O zamanlar, görgüsüz acemi gözlerim, tiyatroların bayağı oyunlarıyla ne güzel avunurdu... Henüz hayatın acılığını duymamış körpe yüreğim sanatsız oyuncuların sahte rollerinden ne derin sızılar duyardı... Sanatkârlık tahtına kaba bir aktör parçasını geçirip oturttuğum, edebiyatın şahikasına saçma bir eser çıkarıp koyduğum o saf yaşıma şimdi tahassürler ediyorum. Çocukluğumun o metanetli kanaatini bir daha kendimde bulamamak beni üzüyor. Zaten tecrübe ve yaş kolay aldatılıp kolay avutulmamak değil midir? Şimdiki neslin heyecansızlığı, maddiyatçılığı karşısında zaten o eski ramazanlar yaşayamazdı. O eski ramazanlar için bizim aldığımız dini terbiye, bizim gördüğümüz sakin ve huzurlu ömür lazımdır.
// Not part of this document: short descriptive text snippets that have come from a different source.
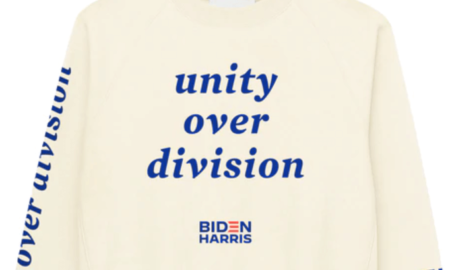 Official Joe Biden and Kamala Harris Campaign Merch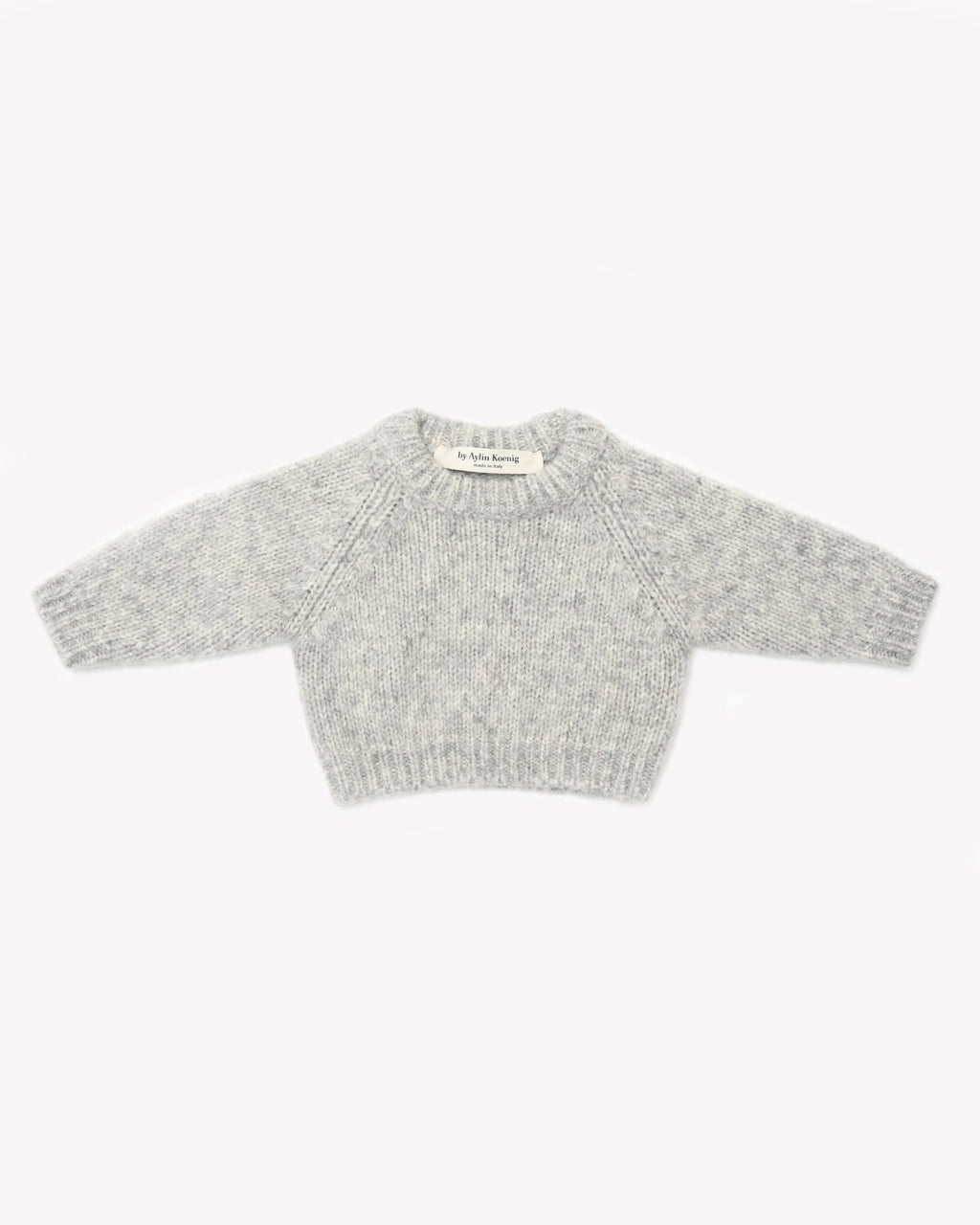 Pullover BABY BRUNO - by Aylin Koenig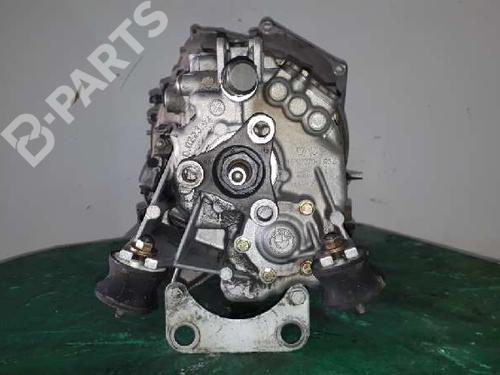 Gearbox BMW 3 Compact (E46) 318 ti | BP2804372M3 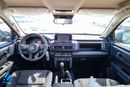 ميتسوبيشي L200 GLS PLUS 2027 | 2.4L Petrol 16-Valve MPI Engine - 4WD | 5-Speed Manual | Export Only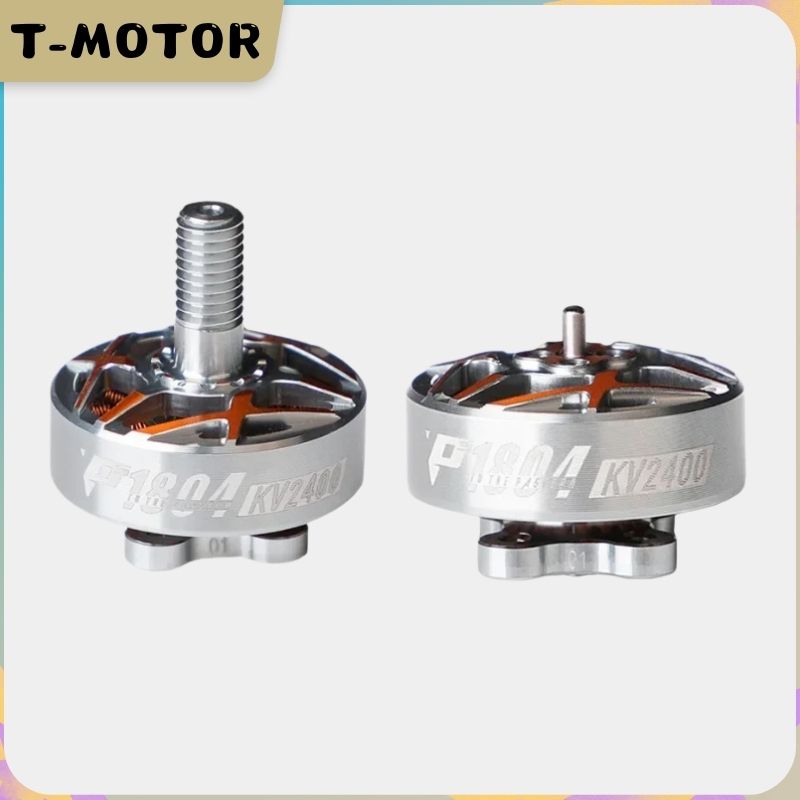 Moteur sans balais T-MOTOR P18 - Drone Battery 4S avis et prix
Zannetmem ki çocuklarımız o yarı sönük, yarı silik mahyalarla ramazan davulcularının o yarı bozuk o yarı boğuk beyitlerinden zevk duysunlar…
Şimdi düşünüyorum da, acaba bana mı senelerin uzaklığı ardından o eski ramazanlar bu kadar cazibeli, bu kadar erişilmez bir saadet gibi görünüyor diyorum. Direkler arasının dükkânlarını dolduran o kedersiz gözlü, dertsiz başlı adamlar, refah içinde oynaşıp yumuşamış ihtiyarlar hakikaten bana şimdi göründükleri gibi mesud değil miydiler, diye şüpheye düşüyorum. Ne tatlı vakit geçirirdim... Gündüz camilere giderim, sakin sesle mesnevi okuyan dervişleri hürmetle dinler, gür seda ile halkı ikaza çalışan kocaman sarıklı kürsü şeyhlerini geçerek ruhuma mukaddes makamların ışığını dolduran yanık sesli hafızların sıra sıra diz çökmüş dindaşlarımla dolu halkanın arasına sokulurdum. Her köşesinden ayrı şevkte, ayrı makamda, birçok seslerin yükseldiği bu geniş akisli yüksek cami altında cismimi ne kadar ufak, benliğimi ne kadar günahkâr bulurdum.
Kibrimden gururumdan kaybede kaybede, ruhumu hafifleten bu ziyaretler yüreğimin sadece dünyaya açık penceresine sanki ahiretten bir menfez açardı. Vücudumu uhrevi bir hava yayılırdı. Kapıların ağır meşin perdelerini kaldırıp dışarı çıktığım zaman, kendimi o kadar değişmiş bulurdum ki, bir müddet yabancı bir adamla yan yana gider gibi olurdum. Sonra yavaş yavaş bayağılığını geçiren bir adam gibi ayıldığım zaman başımda hafif ve tatlı bir durgunluk kalırdı. Bunları hatırladıkça göğsüm heyecandan kabarıyor, şimdi bu hislere ne kadar uzağım.